Uitspraak
1.Geding in cassatie
3.Beslissing
16 december 2014.
Hoge Raad
In deze zaak gaat het om de ontvankelijkheid van een cassatieberoep ingesteld door een verdachte tegen een vonnis van het Gemeenschappelijk Hof van Justitie van Aruba, Curaçao, Sint Maarten en van Bonaire, Sint Eustatius en Saba. De verdachte, geboren in 1975, heeft het beroep ingesteld via zijn raadsman, mr. D.G. Illes, die een schriftuur heeft ingediend. De Hoge Raad heeft vastgesteld dat de raadsman na verzending van de cassatieschriftuur per fax op 8 mei 2014 niet het originele exemplaar van de schriftuur heeft nagezonden. Dit is in strijd met het Procesreglement Strafkamer Hoge Raad 2013, dat vereist dat na verzending per fax het originele exemplaar moet worden ingeleverd.
De raadsman is bij brief van 18 september 2014 in de gelegenheid gesteld om dit verzuim te herstellen, maar heeft hiervan geen gebruik gemaakt.
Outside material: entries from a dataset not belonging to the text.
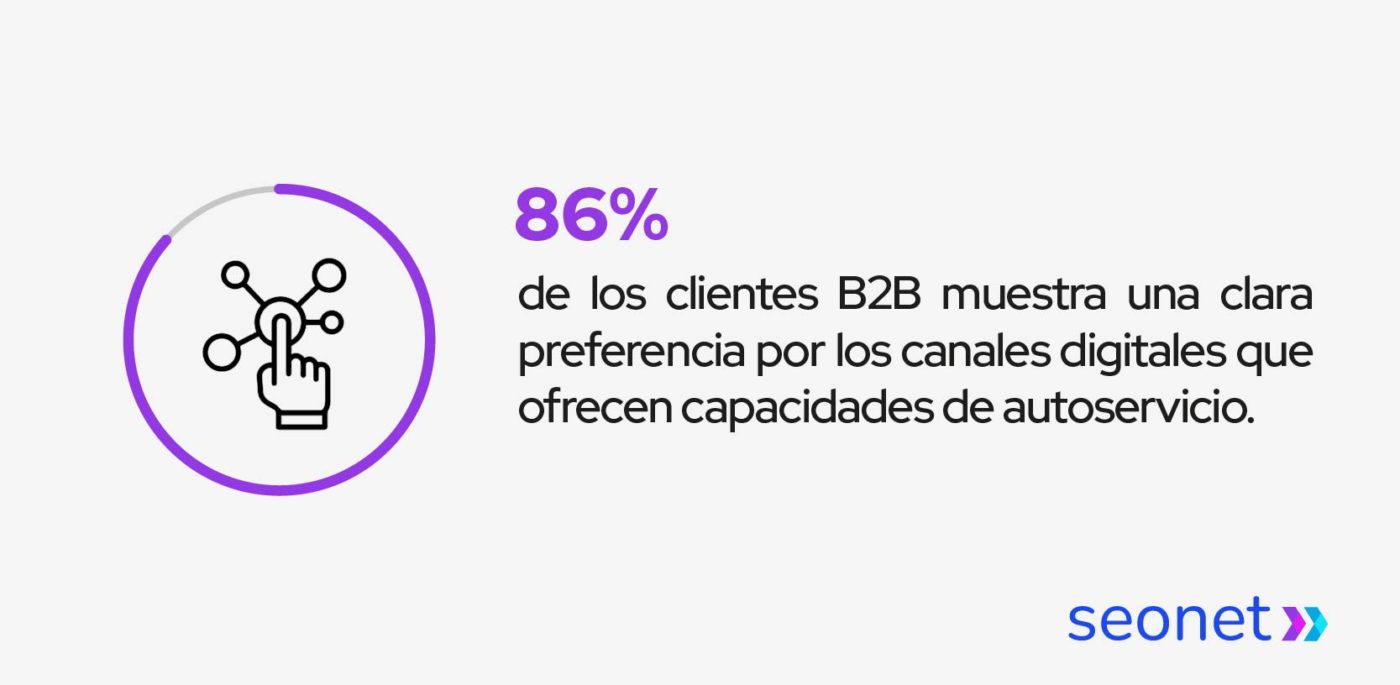 preferencia de clientes b2b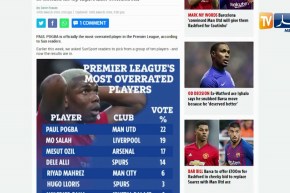 صلاح وبوغبا يتصدران قائمة اللاعبين الأكثر مبالغة في تقديرهم في البريميار ليغ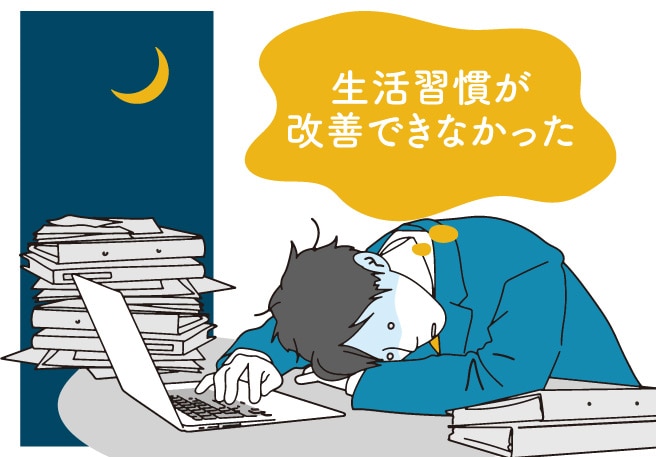 治療に頼りすぎてしまった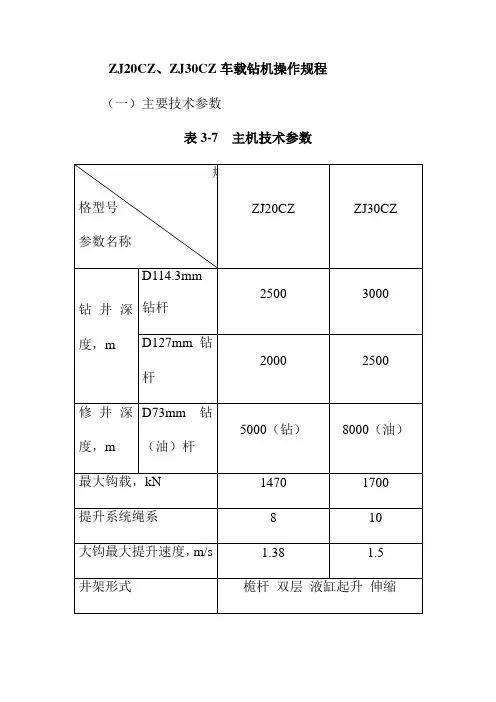 ZJ20CZ、ZJ30CZ车载钻机操作规程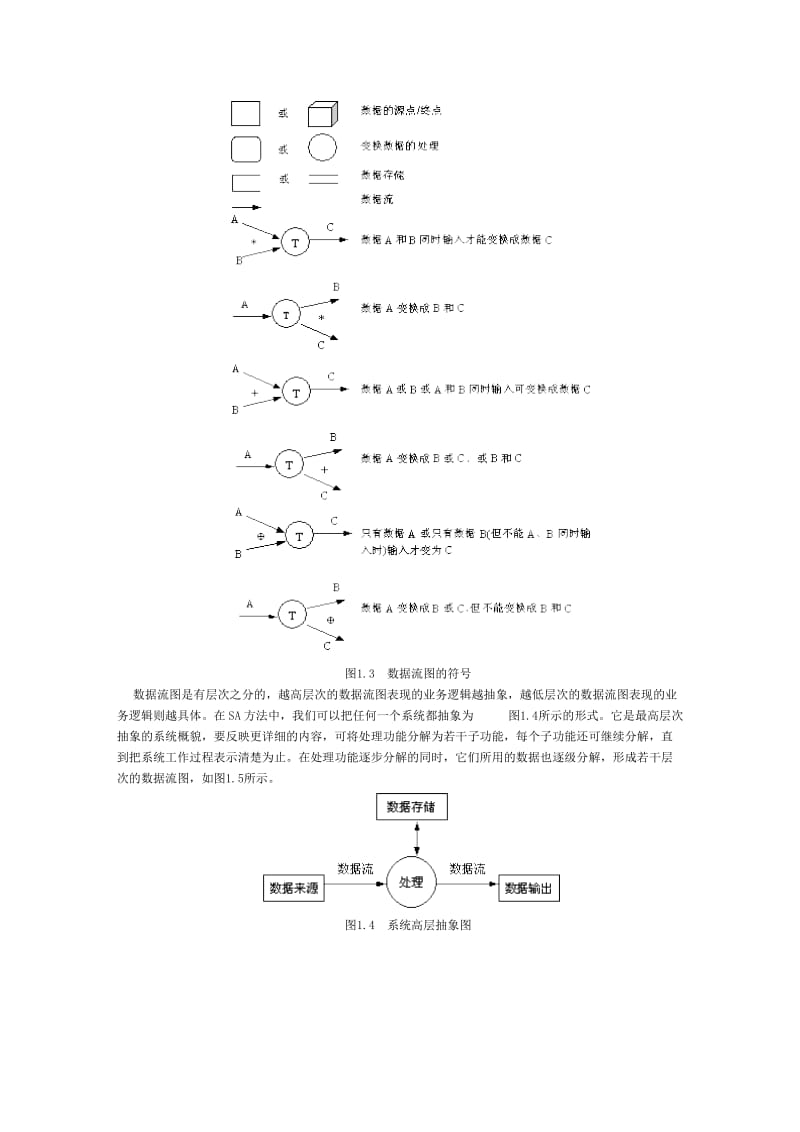 数据库需求分析1.doc_第3页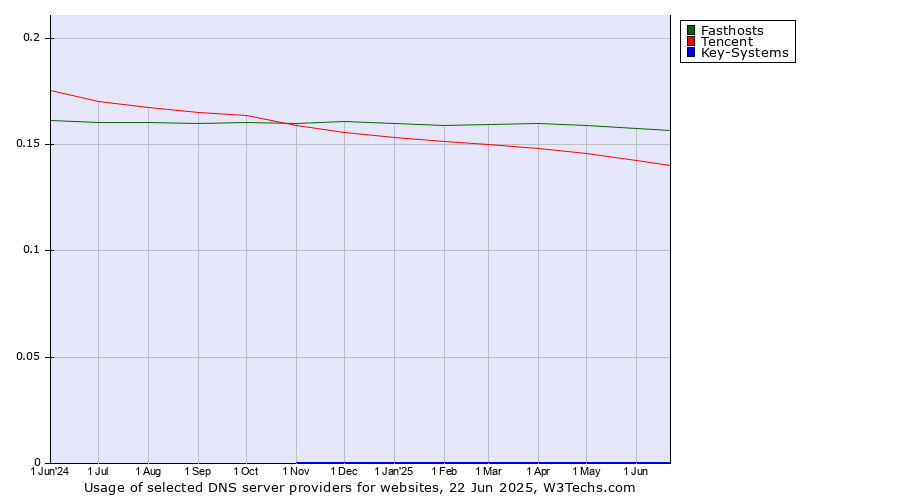 Historical trends in the usage of Fasthosts vs. Tencent vs. Key-Systems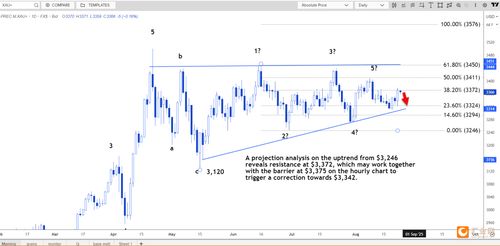 技术分析：现货黄金或测试3355美元支撑位，黄金现货价格美元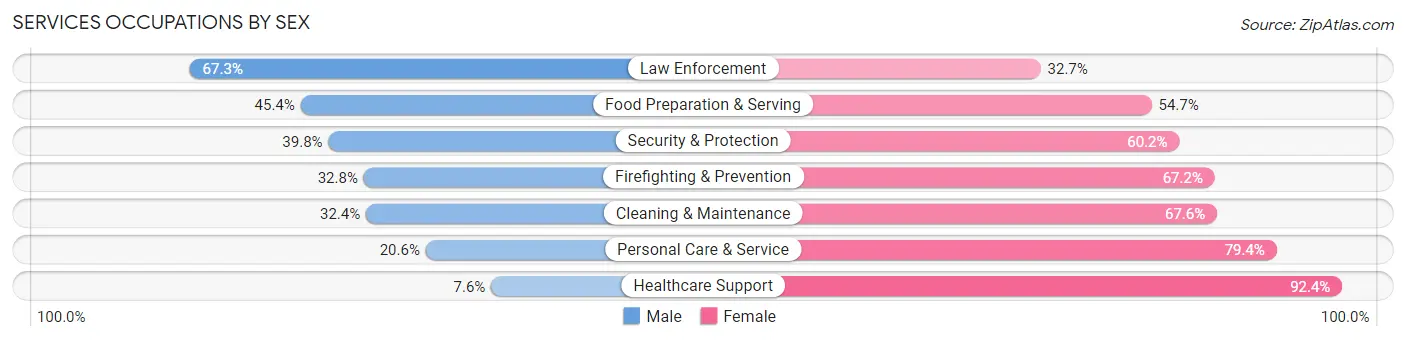 Services Occupations by Sex in Zip Code 80237
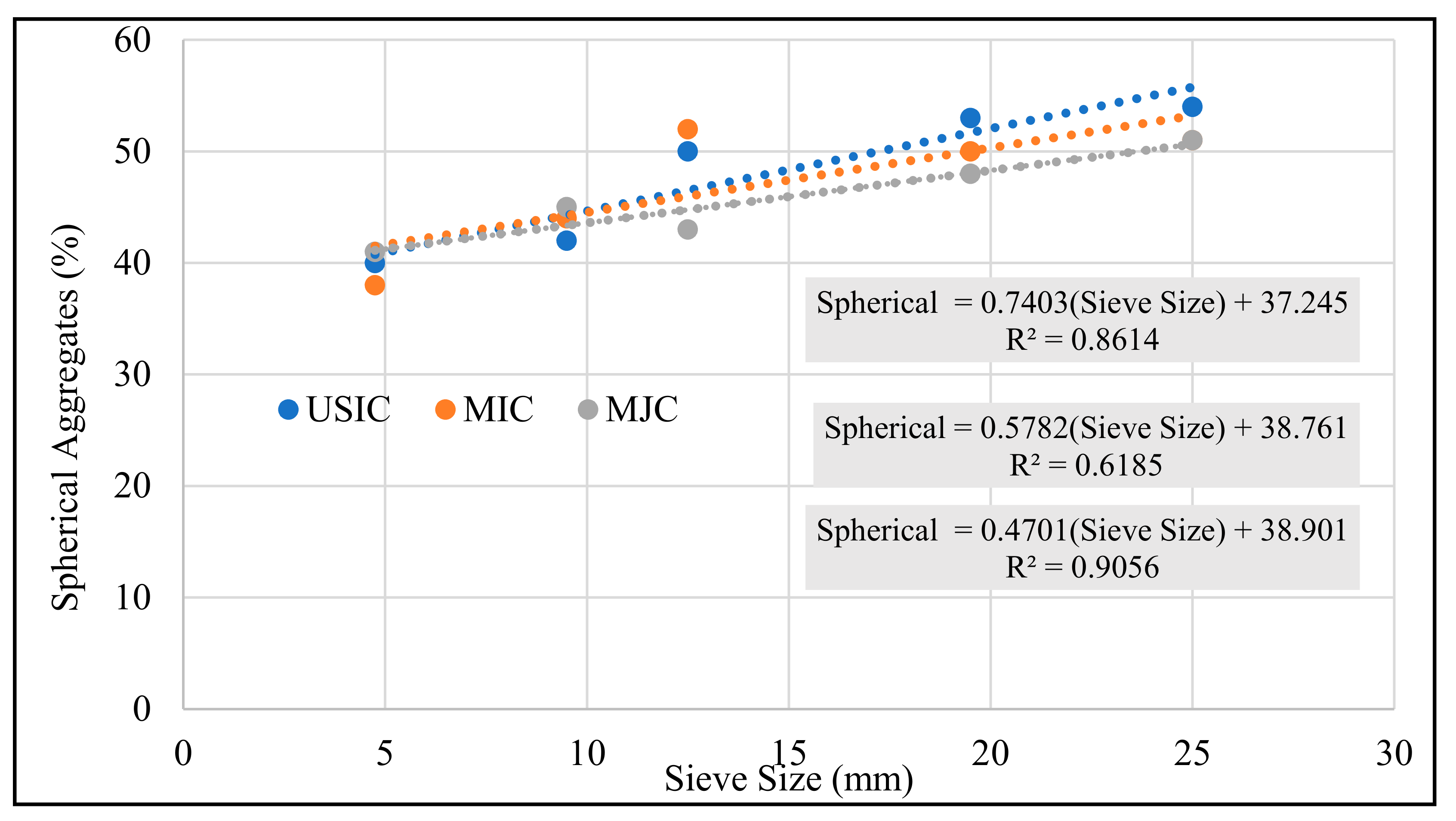 Coatings 11 01199 g011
Bovendien kon niet worden vastgesteld dat de handtekening op de faxschriftuur overeenstemt met de originele handtekening van de raadsman. Hierdoor is de Hoge Raad van oordeel dat de verdachte niet binnen de wettelijke termijn een schriftuur houdende middelen van cassatie heeft ingediend, wat in strijd is met artikel 437, tweede lid, van het Wetboek van Strafvordering.
Op basis van deze overwegingen heeft de Hoge Raad de verdachte niet-ontvankelijk verklaard in het cassatieberoep. De uitspraak is gedaan op 16 december 2014 door de vice-president en twee raadsheren, en is openbaar uitgesproken.